Records for this task »
- - - -
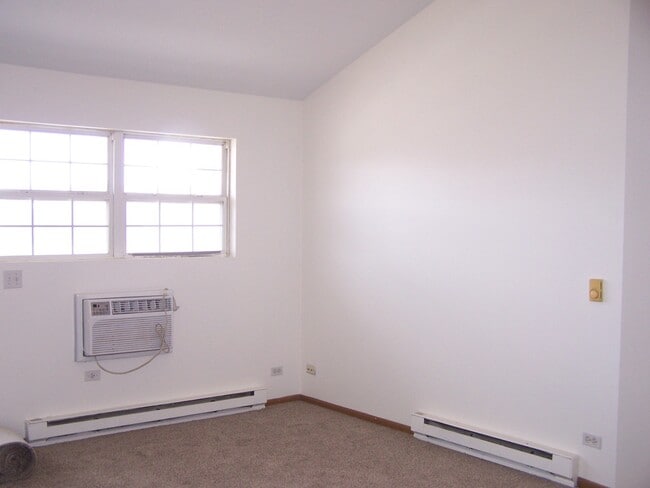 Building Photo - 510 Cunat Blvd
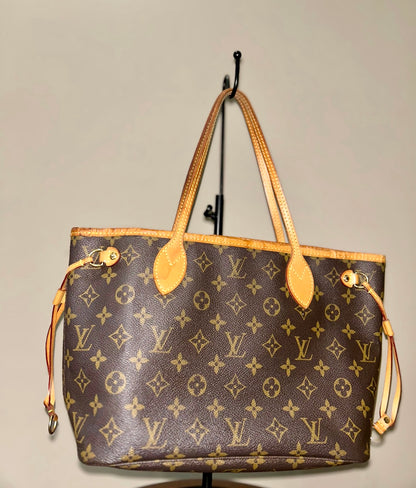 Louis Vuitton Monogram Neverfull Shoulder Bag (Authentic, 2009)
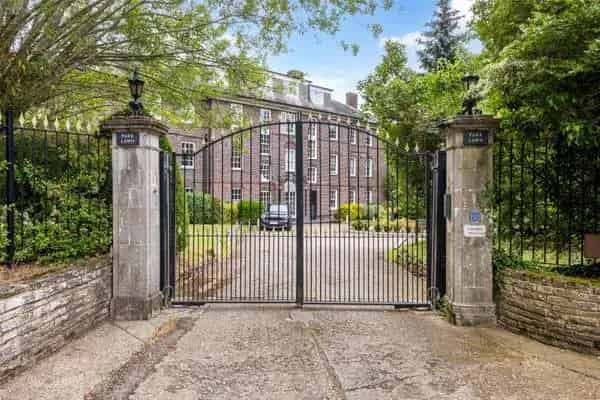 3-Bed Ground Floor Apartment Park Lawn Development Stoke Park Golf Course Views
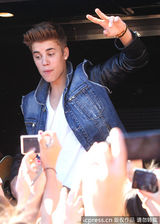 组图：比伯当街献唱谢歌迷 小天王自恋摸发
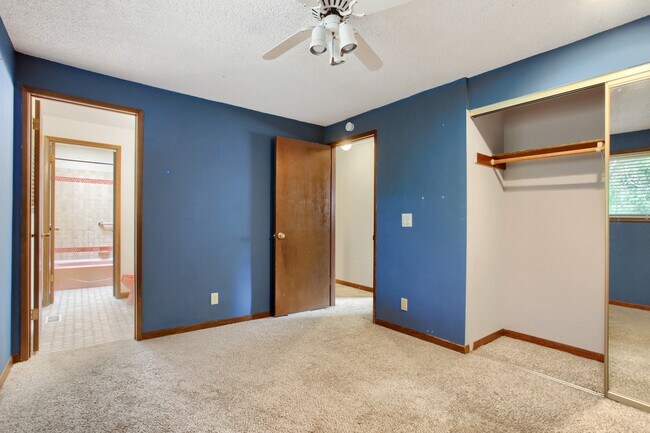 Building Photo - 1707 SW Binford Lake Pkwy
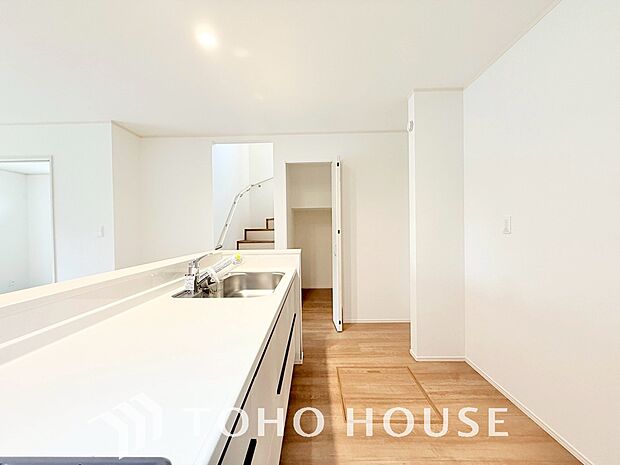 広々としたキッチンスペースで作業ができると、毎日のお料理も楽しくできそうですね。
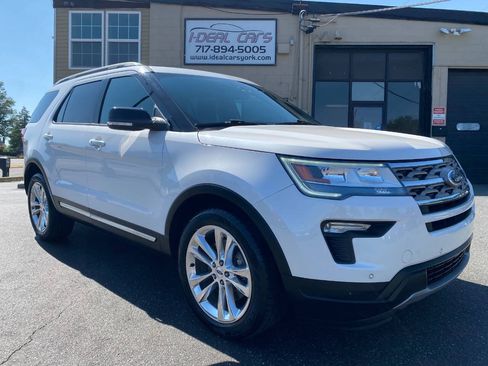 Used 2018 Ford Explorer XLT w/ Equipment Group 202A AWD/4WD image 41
- - - -
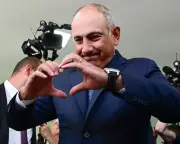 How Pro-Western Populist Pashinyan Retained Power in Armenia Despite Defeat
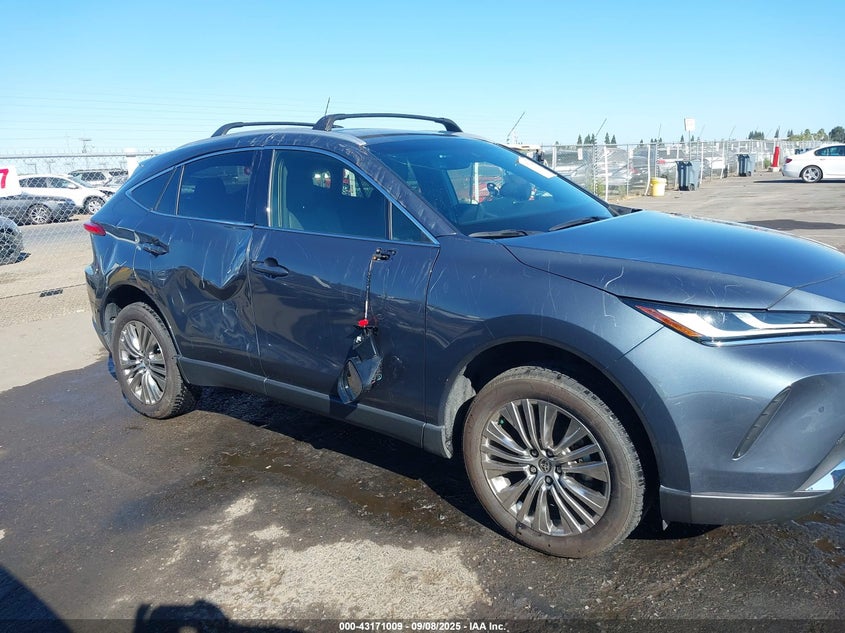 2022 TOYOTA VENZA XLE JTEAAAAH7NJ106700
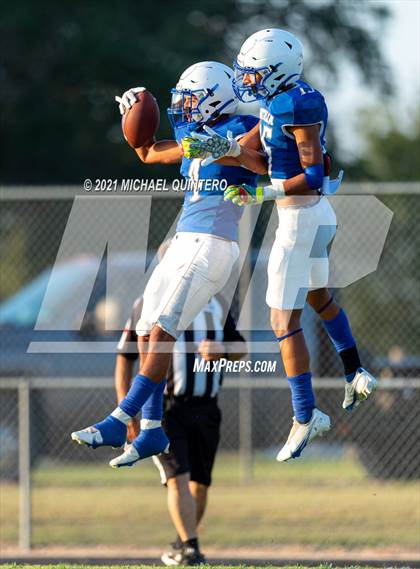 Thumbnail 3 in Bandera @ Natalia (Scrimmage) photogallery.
- - - -
Problem »
Skipping every picture, transcribe exactly the lines above from the one containing "Building Photo - 510 Cunat Blvd" through the one containing "広々としたキッチンスペースで", both included.

Written response »
 Building Photo - 510 Cunat Blvd
 Louis Vuitton Monogram Neverfull Shoulder Bag (Authentic, 2009)
 3-Bed Ground Floor Apartment Park Lawn Development Stoke Park Golf Course Views
 组图：比伯当街献唱谢歌迷 小天王自恋摸发
 Building Photo - 1707 SW Binford Lake Pkwy
 広々としたキッチンスペースで作業ができると、毎日のお料理も楽しくできそうですね。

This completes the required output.